The bill proposes to make it easier for companies to export U.S. surplus of natural gas, creating new jobs, boosting the economy, and strengthening international trade relationships. For countries like India that do not have a Free Trade Area( FTA) with the U.S., the Natural Gas Act directs the Department of Energy to grant export authorizations unless the Department finds that the proposed exports will not be consistent with public interest. This bill will remove Department of Energy from the LNG export permitting process. Congressman Ted Poe has urged lawmakers to cosponsor H.R. 2471, The heart of the matter is that the U.S. move to free LNG exports to the non-FTA countries is not an “India-centric” move.
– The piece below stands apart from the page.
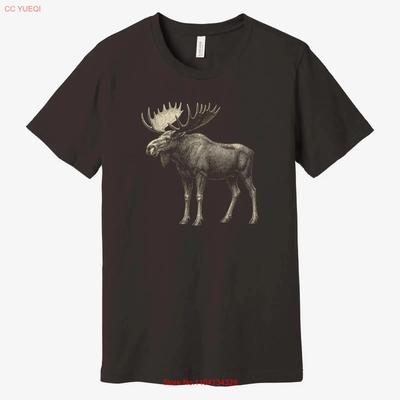 Moose T Shirt Rustic Wildlife In Vintage Linocut Style For Nature Lovers Campers And Woodland Animal Fans Vintage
Let us say, India could be a “stakeholder.” The decision takes into account a variety of factors, which include the persisting demands of competing countries such as China and Japan whose companies have been aggressively participating in shale gas activities in the U.S. through stake purchases and forming joint ventures.
But the decision paves the way for India, which does not have a FTA with the US, to get its companies to seek similar licenses for import of much needed gas from the United States. The existing federal law generally requires approval of natural gas exports to countries that have an FTA with the United States.
“It is time to remove bureaucratic roadblocks and take the Department of Energy out of the approval process for natural gas exports,” said Congressman Poe. “Unnecessary federal red tape is the only thing standing in the way of the United States exporting natural gas. Exporting natural gas would grow our economy and create thousands of new jobs. Washington should be supporting, not stonewalling, the development and exportation of this valuable resource. ”
Dominion Resources Inc. has announced deals with Indian and Japanese companies to export liquefied natural gas from a proposed export plant in Maryland as it hopes it will obtain permission from U.S. authorities to export LNG to these customers by 2017. Affiliates of India’s state-controlled natural-gas processing and distributing company Gail Ltd have signed 20-year agreements to buy half of the proposed plant capacity.
The United States India Political Action Committee (USINPAC) has been constantly working for the past several months with the lawmakers at the Capitol Hill to expedite the export of natural gas between U.S and India. It has been closely working with the Subcommittee on Terrorism, Non-proliferation and Trade that held the recent Congressional Hearing on the LNG export issue in April 2013.
If the bill proposed by Congressman Poe is passed in both the House and the Senate, the India and the U.S. will be able to significantly strengthen their economic and political relations and herald an era of energy security for India.